Need examples? Well, there’s all the usual things recently. New lawsuits against college students – lawsuits which no one can afford to oppose, regardless of their merits, so typically there’s a quick settlement for all the money the student has in the world. Lawsuits all over the world. Warning letters to people using BitTorrent. Acts of straight, thuggish intimidation – for example, raids on Kazaa offices, executives’ homes, and ISPs with no notice. And all of this despite the fact that file sharing simply doesn’t impact CD sales. A recent study confirmed that conclusion in hard numbers, although it’s only the latest of many such studies. Declining CD sales are a combination of unappealing new music, increased competition from DVDs and video games, a declining economy, the recording industry’s failure to reduce prices, the bland sameness on corporate-controlled radio, and the natural end of our purchases of CDs to replace our vinyl records and cassettes.

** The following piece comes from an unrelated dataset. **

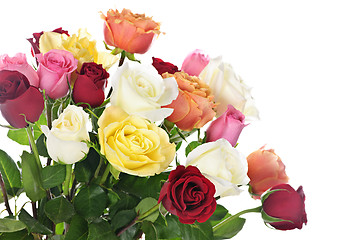 Image showing Bouquet of roses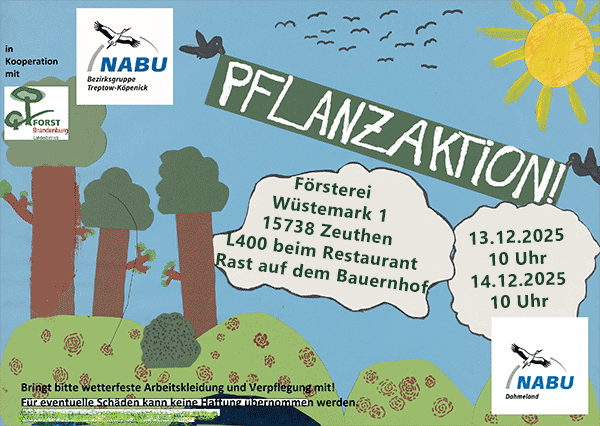 Poster Pflanzaktion Wald Dezember 2025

But that’s all familiar stuff. Let’s look at some background before you learn about the latest insult.
The industry claims to be terribly proud of the online stores from Apple, MusicMatch, and the rest where you can purchase legal downloaded music. (Don’t be fooled by the hype. Keep in the back of your mind that the numbers of songs downloaded are insignificant, the online selection is thin, and the restrictions on the files are unnecessary and annoying.)

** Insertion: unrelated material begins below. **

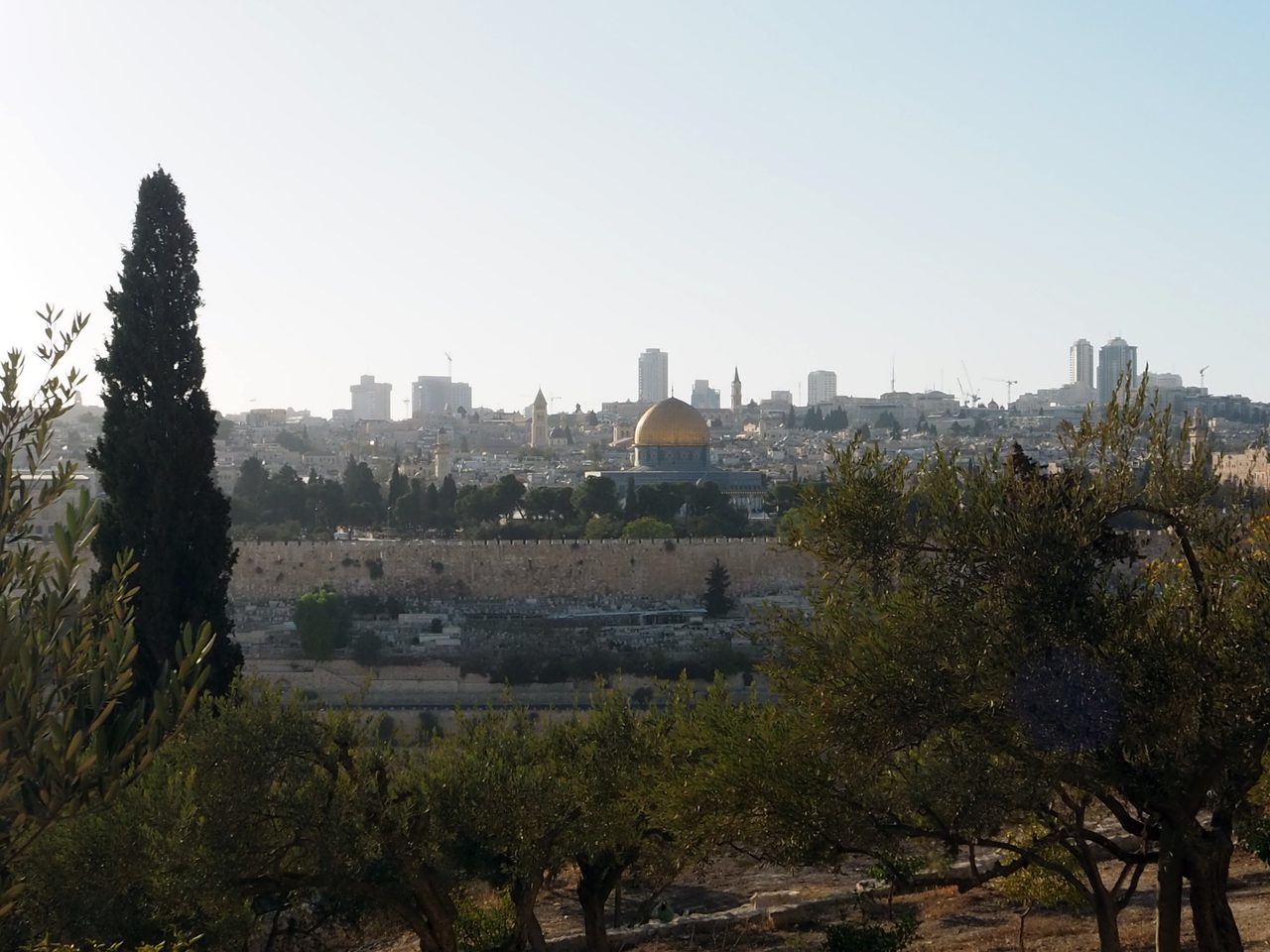 Kuvassa etualalla puita ja taustalla siintää Jerusalemin siluetti jossa näkyy muun muassa kultakupolinen Kalliomoskeija ja vanhaakaupunkia ympäröivä muuri.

Focus on price. Typically an online song is 99 cents, and an album is $9.99. Think about that. That’s almost what you’d pay in the store for a CD. The CD comes in a package with artwork and information – a package someone has to pay for. The CD is delivered to a store or delivered to your online merchant in a truck somebody has to pay for.

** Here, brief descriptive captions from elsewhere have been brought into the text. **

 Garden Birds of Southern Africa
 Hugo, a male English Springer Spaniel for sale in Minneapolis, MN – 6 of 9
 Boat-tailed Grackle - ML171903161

In contrast, the online song is delivered to your computer at a marginal cost to the recording industry and the merchant of almost nothing. The merchant has to maintain some equipment, but pays most of the money to the recording industry. (Recall that Apple is losing money on the iTunes service.) The industry pockets more money from your online purchase than it does if you pay its extortionate prices for CDs.
That’s why it’s so outrageous that the recording industry plans to increase prices on downloaded songs. The first price increases have already been put into effect and more are planned. There are albums online that are more expensive to download than to buy from Amazon!
Offhand I can’t think of any industry that has ever acted so aggressively to destroy itself. As far as I’m concerned, the immoral behavior is on their side. I have no qualms about file sharing or downloading free music. If you’re uncomfortable with it, simply stop buying music. But for goodness sake, don’t support these people or we’ll have no one to blame but ourselves.